> WORK REQUIRED
When you reach the line containing "Joslin tan drop" in the data below, begin returning lines exactly as written, and stop once the line containing "AODSK Wooden Duet" has been returned.

Dataset excerpts:

========================================

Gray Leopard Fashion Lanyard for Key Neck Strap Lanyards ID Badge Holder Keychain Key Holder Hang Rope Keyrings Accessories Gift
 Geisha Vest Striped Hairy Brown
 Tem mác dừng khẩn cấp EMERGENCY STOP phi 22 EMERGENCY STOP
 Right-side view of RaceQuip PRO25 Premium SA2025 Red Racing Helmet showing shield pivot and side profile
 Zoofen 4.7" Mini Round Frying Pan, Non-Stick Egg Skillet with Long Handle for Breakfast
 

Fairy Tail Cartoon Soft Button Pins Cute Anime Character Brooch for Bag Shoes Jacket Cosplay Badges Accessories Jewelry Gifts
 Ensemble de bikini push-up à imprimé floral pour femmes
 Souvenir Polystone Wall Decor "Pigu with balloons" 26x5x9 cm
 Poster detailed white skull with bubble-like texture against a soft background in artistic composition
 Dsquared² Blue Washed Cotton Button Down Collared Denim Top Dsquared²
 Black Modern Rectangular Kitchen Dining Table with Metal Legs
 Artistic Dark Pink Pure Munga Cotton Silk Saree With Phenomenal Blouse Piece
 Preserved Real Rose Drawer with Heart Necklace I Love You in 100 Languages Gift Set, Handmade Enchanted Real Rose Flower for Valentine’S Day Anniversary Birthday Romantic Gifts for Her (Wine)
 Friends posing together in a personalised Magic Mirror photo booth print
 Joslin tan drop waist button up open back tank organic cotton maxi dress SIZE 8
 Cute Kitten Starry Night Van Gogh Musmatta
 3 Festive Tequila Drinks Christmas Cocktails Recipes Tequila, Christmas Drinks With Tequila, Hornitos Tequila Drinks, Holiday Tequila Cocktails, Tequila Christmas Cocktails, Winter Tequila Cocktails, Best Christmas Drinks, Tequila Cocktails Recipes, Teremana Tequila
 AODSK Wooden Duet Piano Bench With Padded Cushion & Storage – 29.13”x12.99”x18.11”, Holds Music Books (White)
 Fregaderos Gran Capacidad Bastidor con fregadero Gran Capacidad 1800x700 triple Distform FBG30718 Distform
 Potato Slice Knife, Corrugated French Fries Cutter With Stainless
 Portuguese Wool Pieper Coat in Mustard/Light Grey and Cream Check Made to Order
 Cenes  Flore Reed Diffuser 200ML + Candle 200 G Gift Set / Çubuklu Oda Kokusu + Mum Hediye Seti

========================================

> COMPLETED TASK
 Joslin tan drop waist button up open back tank organic cotton maxi dress SIZE 8
 Cute Kitten Starry Night Van Gogh Musmatta
 3 Festive Tequila Drinks Christmas Cocktails Recipes Tequila, Christmas Drinks With Tequila, Hornitos Tequila Drinks, Holiday Tequila Cocktails, Tequila Christmas Cocktails, Winter Tequila Cocktails, Best Christmas Drinks, Tequila Cocktails Recipes, Teremana Tequila
 AODSK Wooden Duet Piano Bench With Padded Cushion & Storage – 29.13”x12.99”x18.11”, Holds Music Books (White)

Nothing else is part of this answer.